Brexit again…? Of course!


Sterling kicked off the week as the weakest of the G10 currencies amid reports that Prime Minister Theresa May had cancelled plans for an emergency cabinet meeting today to approve a Brexit deal in the face of strong opposition from her own cabinet and the EU. Negotiations are ongoing, however if there is no progress by mid-week, the European summit cannot proceed. Should an agreement be in place by late Wednesday, the summit can move ahead which will allow for the publication of the UK’s withdrawal agreement from the EU.

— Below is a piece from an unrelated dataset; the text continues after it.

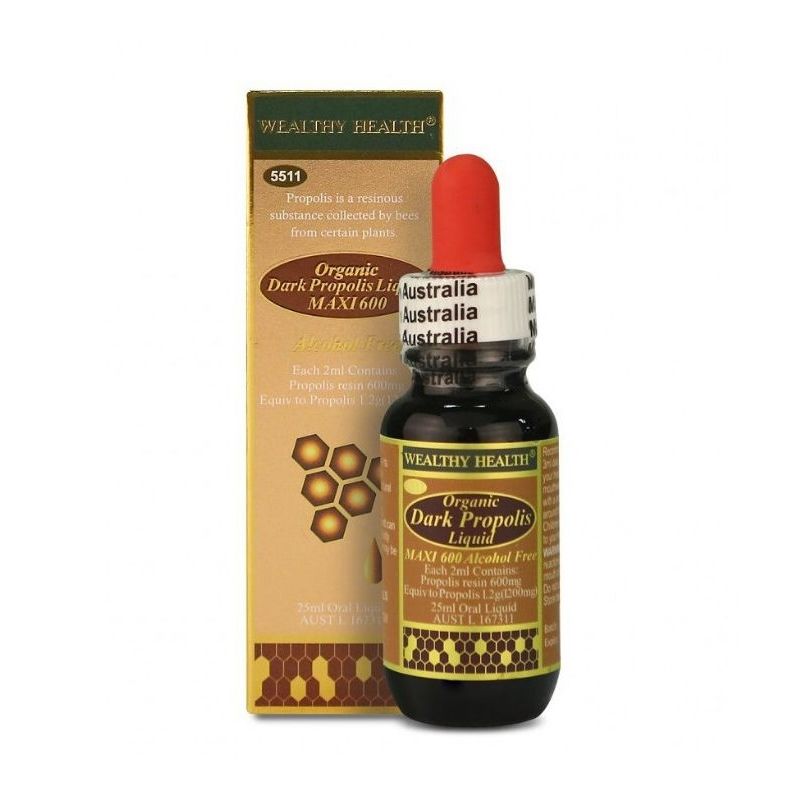 Wealthy Health-Dark Propolis Liquid 25ml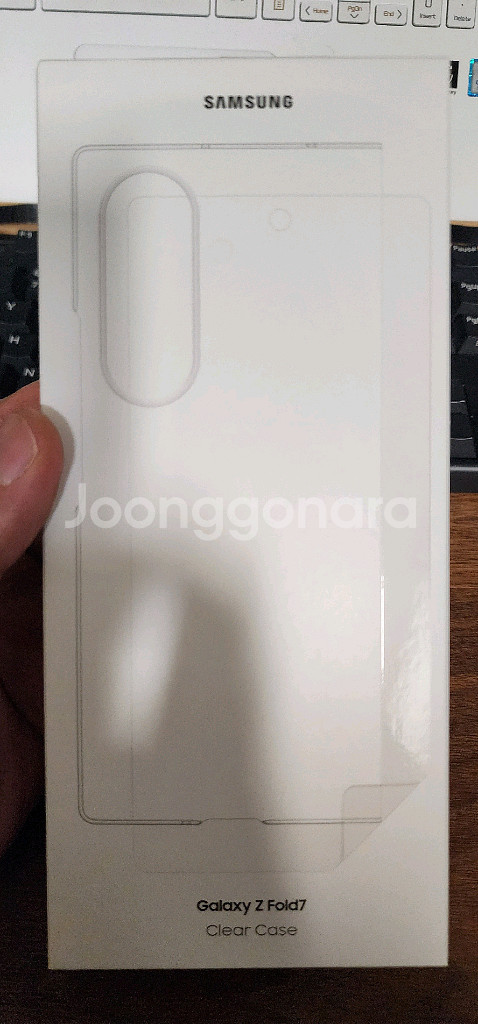 갤럭시 z 폴드 7 제트블랙 512 GB 미개봉--2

GBP/USD dropped lower this morning and touched a seven-session low of 1.2841. Brexit woes weighed although US Dollar strength, driven by last week’s expectation of another interest rate hike in December by the Federal Reserve, will have compounded it. Positive remarks from the EU’s chief negotiator, Michel Barnier, have supported the Pound this afternoon.

A busy week of macro data with labour market indicators out tomorrow, CPI on Wednesday and retail sales on Thursday.


The US Dollar started this week firmly on the front foot with the Dollar Index surpassing the 97 level with relative ease and rising to its best level since June 2017 at 97.58. Last week’s FOMC statement continues to provide support while the Greenback also benefitted from heavy losses in other major currencies.

Looking ahead, CPI data is due on Wednesday, retail sales and import prices on Thursday and industrial production on Friday.


The Euro softened last week weighed by a combination of Italian budget concerns and soft macro data; the European Commission rejected Italy’s 2019 budget last month, saying it flouted a previous commitment to lower the country’s deficit.

EUR/USD had touched 1.15 on Wednesday but fell thereafter with further losses seen this morning on the back of a broad dollar rally with the pair reaching its lowest level since June 2017 at 1.1240.

Looking ahead, German ZEW and CPI data are due tomorrow, Euro Zone GDP and industrial production on Wednesday and Euro Zone CPI on Friday.


The Japanese Yen continues to be driven by broader risk sentiment rather than domestic factors and has strengthened this morning as equities declined. USD/JPY remains elevated however with the pair trading above 114 this morning.

Q3 GDP figures are out tomorrow followed by industrial production on Wednesday.


USD/CHF hit its highest level since April 2017 this morning at 1.0105 although EUR/CHF is down at a two-week low of 1.1352.

Some attention was paid to SNB talk last week from Governor Jordan and Board Member Maechler who both maintained that interventions remains a necessary tool.

A quiet week for data with only PPI out tomorrow.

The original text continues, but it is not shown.